Open an HDF5 file as an :class:HDF5Store (read-only Zarr v3 store).

Chunk index parsing is deferred until data is actually accessed, making the initial open significantly faster for files with many variables.

The returned store can be passed directly to xarray::

store = await open_hdf5(path=key, store=s3_store)
ds = xr.open_dataset(store, engine="zarr", consolidated=False, zarr_format=3)

Parameters:

  • path (str) –

    Path within the store (e.g. the object key for S3).

  • store (ObjectStore | ObspecInput) –

    An async_hdf5 or obstore ObjectStore or obspec-compatible backend.
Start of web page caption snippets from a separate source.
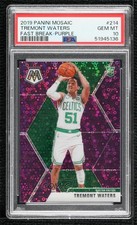 2019 Mosaic Rookies Fast Break Purple Prizm 42/50 Tremont Waters #214 PSA 10 dd2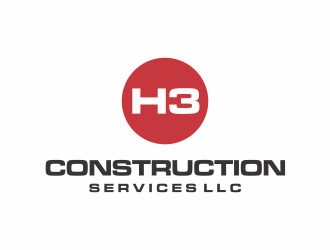 H3 CONSTRUCTION SERVICES LLC logo design by santrie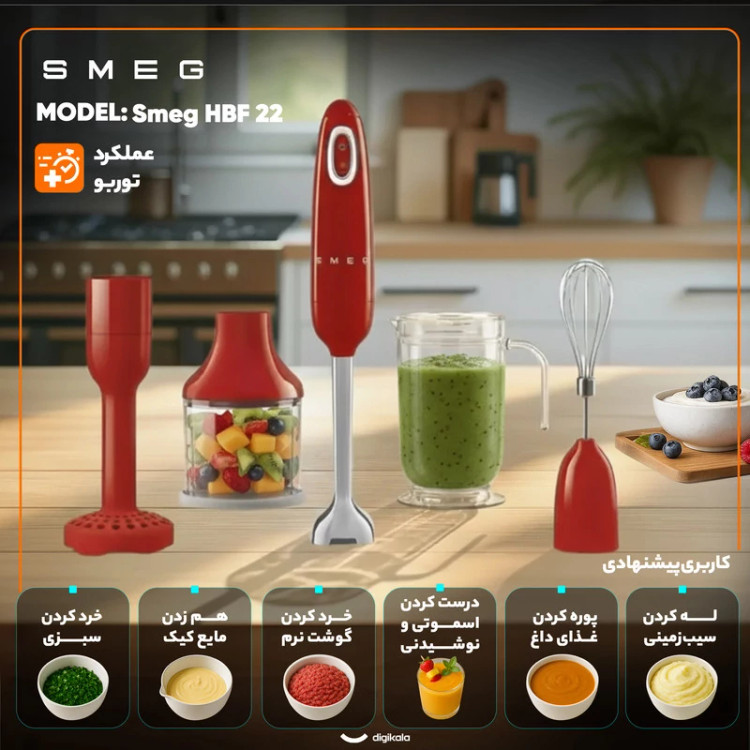 گوشت کوب برقی چندکاره اسمگ مدل HBF22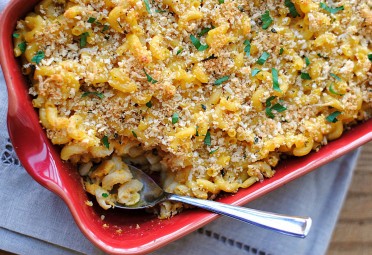 healthier baked mac and cheese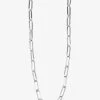 Flo Gives Back 15% To Women In Need Oval Chain Rhodium Necklace Accessories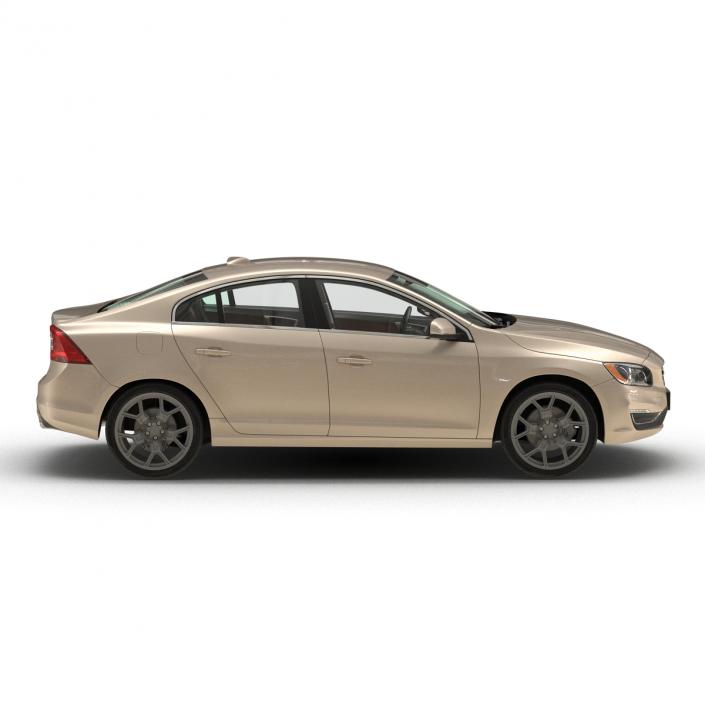 3D Volvo S60 2016 Rigged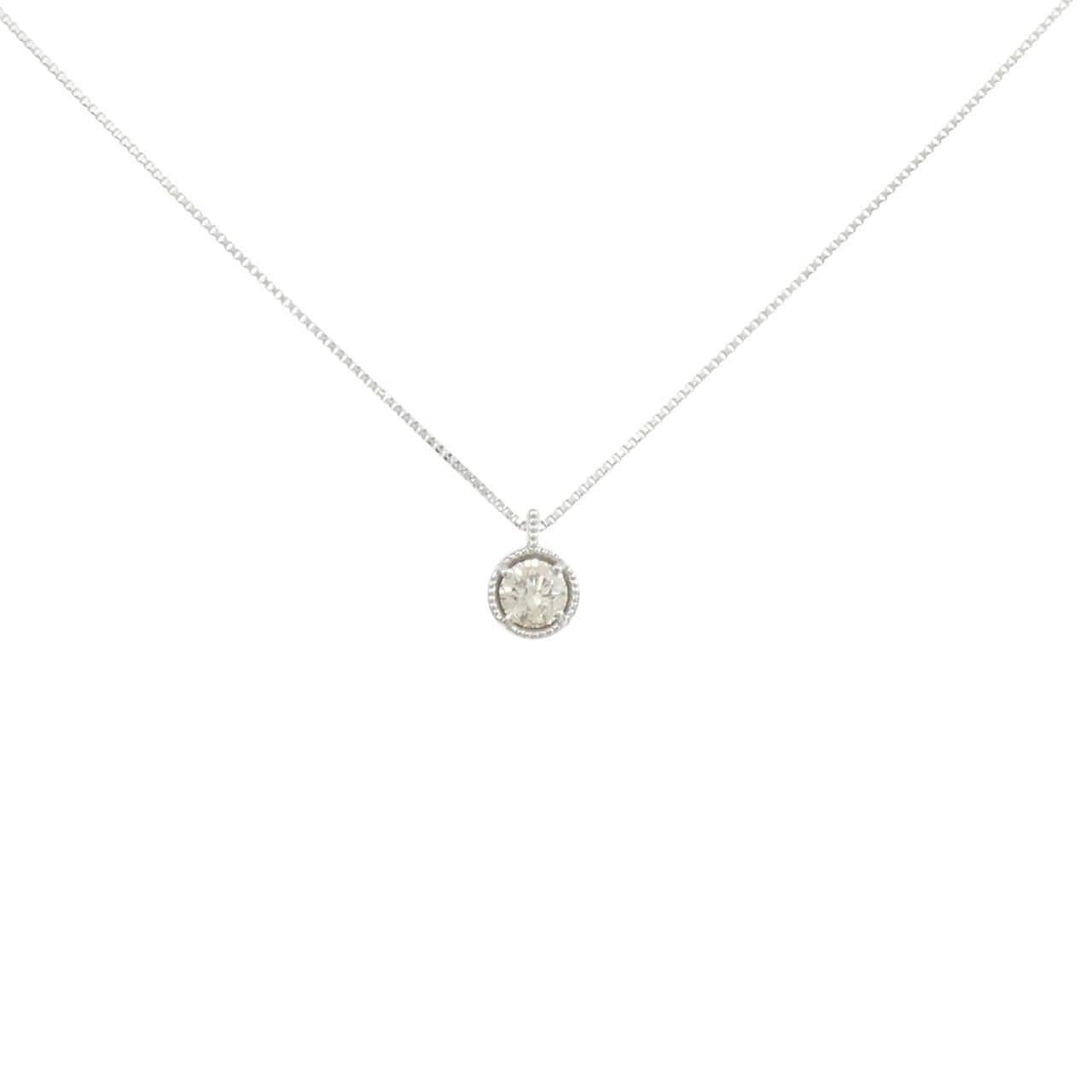 K18WG ダイヤモンド ネックレス 0.20CT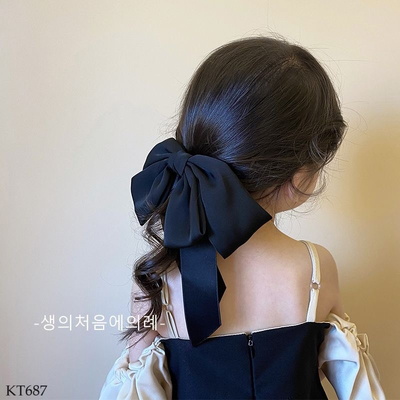 KT687 KẸP TÓC NƠ BÉ GÁI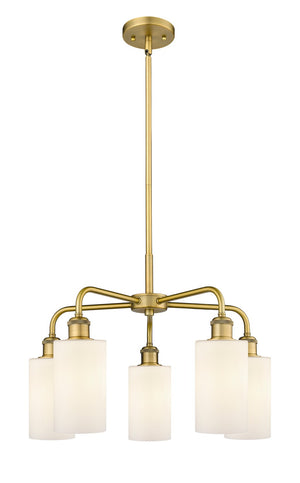 Innovations - 516-5CR-BB-G801 - Five Light Chandelier - Ballston - Brushed Brass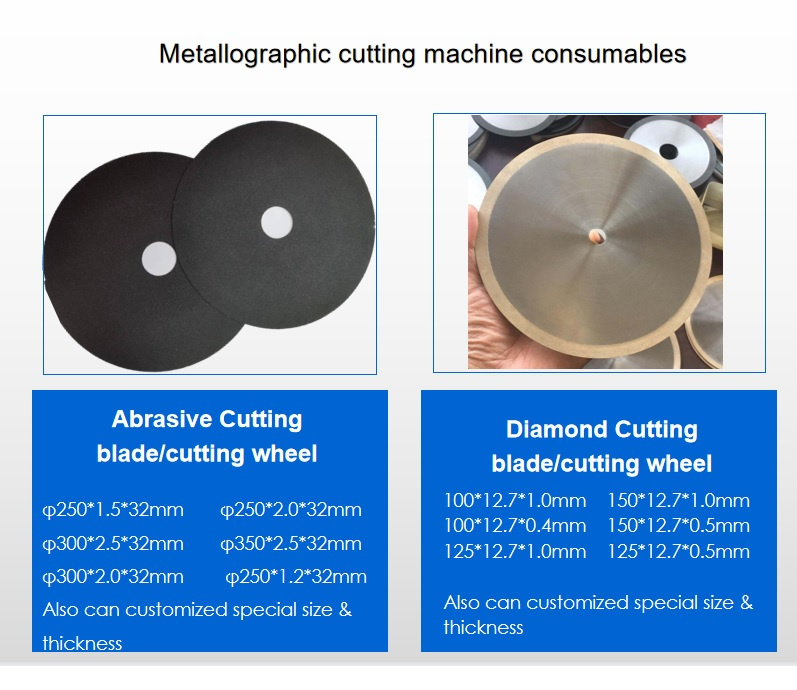 Metallographic ڪٽڻ Consumables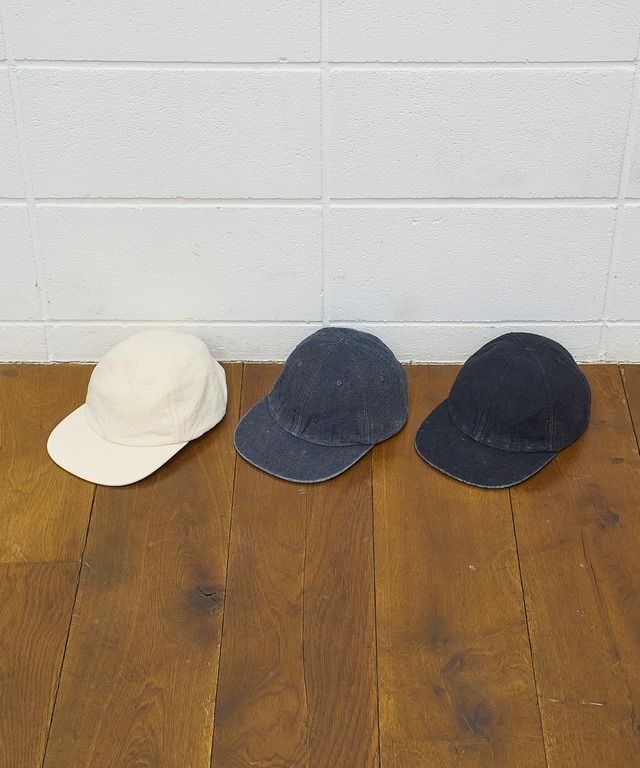 UNUSED/UH0598 12oz Denim Cap(BLACK,NATURAL)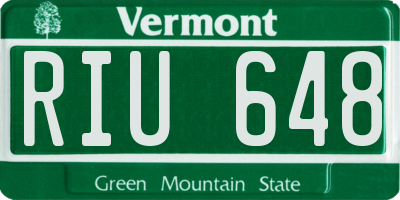 VT license plate RIU648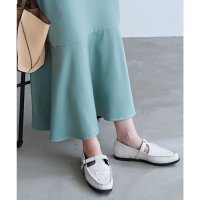 KOBE LETTUCE/コウベレタス KOBE LETTUCE 編み込みTストラップローファー [I2518]/507172494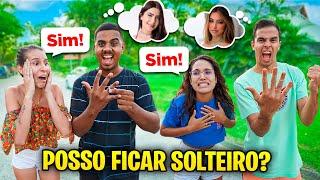 DIZENDO SIM PRA TUDO PARA NOSSOS NAMORADOS POR 24 HORAS! - ESTAMOS SOLTEIROS!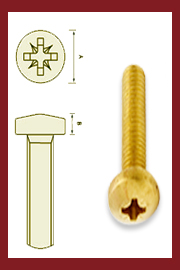 Cross Recessed Pan Head Machine Screws ISO 7045 - DIN 7985 Brass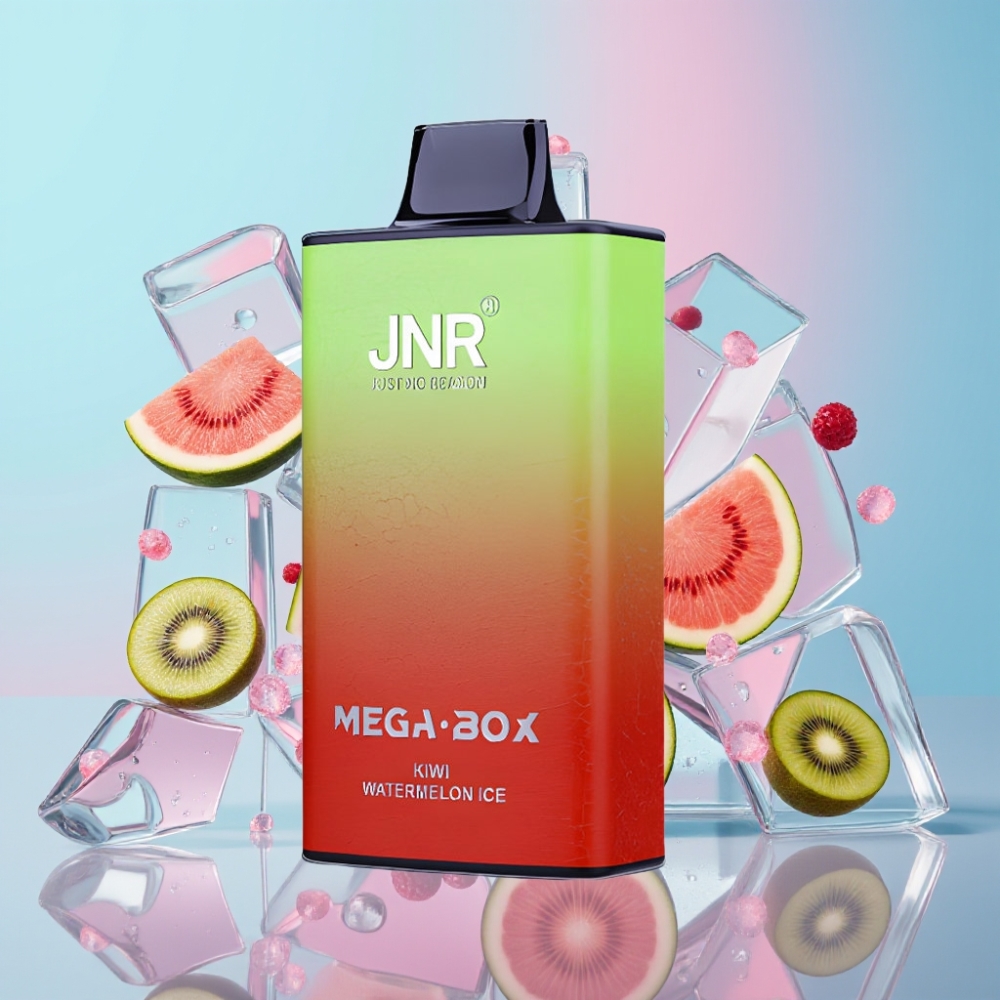 JNR Mega Box 25000 Puffs Disposable Vape Kiwi-Melónový Ľad, 30ml, 850mAh, Dual Mesh Coil JNR Mega Box 25000 Puffs Disposable Vape Kiwi-Melónový Ľad, 30ml, 850mAh, Dual Mesh Coil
  • group (str | None, default: None ) –

    HDF5 group to open. If None, the root group is used.

  • drop_variables (Iterable[str] | None, default: None ) –

    Variable names to exclude.

  • block_size (int, default: 8 * 1024 * 1024 ) –

    BlockCache size in bytes (default 8 MiB).

  • pre_warm_size (int | None, default: None ) –

    Maximum bytes of cache blocks to pre-fetch in parallel during open (default None — disabled). When set, the file size is queried and up to pre_warm_size bytes of blocks are fetched in a single batched call. This trades bandwidth for latency: useful on very fast connections or for small files, but counterproductive when the file is large relative to the connection speed.

Returns:

  • HDF5Store

    A read-only Zarr v3 store backed by async-hdf5. Variables are lazily

  • HDF5Store

    loaded — chunk indices are only parsed when data is actually read.